WHAT THIS TASK INVOLVES:
Output exactly the lines of the listing below that run from the line with "[upl. by Ifar]" through the line with "Buy Amazing Spider-Man". No pictures.

DATA SUPPLIED:
^^^^^^^^

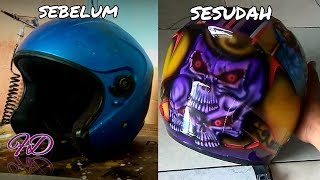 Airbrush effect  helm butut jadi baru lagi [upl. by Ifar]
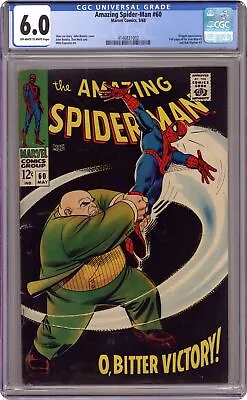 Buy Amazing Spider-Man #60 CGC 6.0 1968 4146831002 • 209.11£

^^^^^^^^

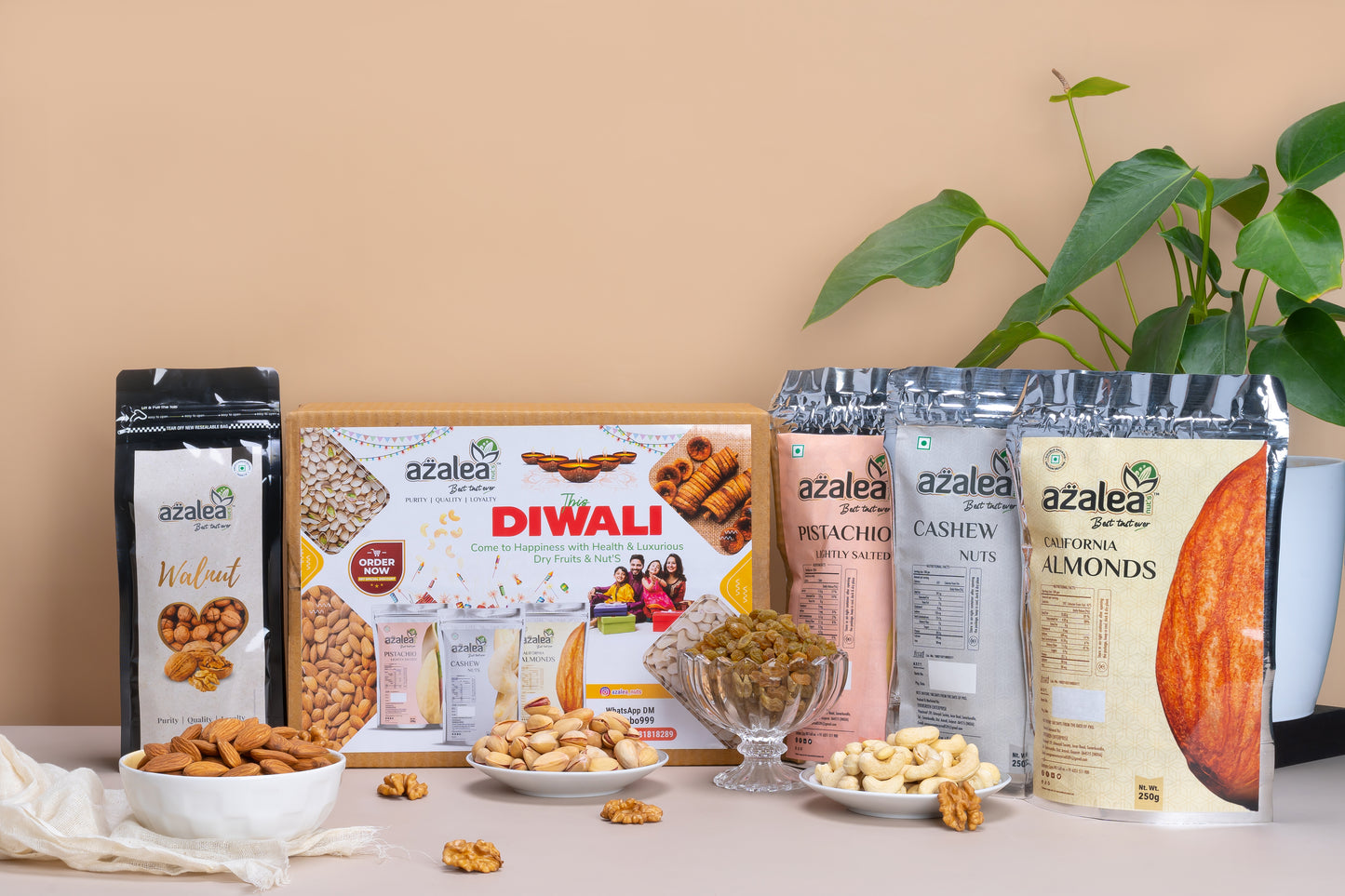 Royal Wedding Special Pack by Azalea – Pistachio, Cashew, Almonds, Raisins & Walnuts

^^^^^^^^

REPLY:
 Airbrush effect  helm butut jadi baru lagi [upl. by Ifar]
 Buy Amazing Spider-Man #60 CGC 6.0 1968 4146831002 • 209.11£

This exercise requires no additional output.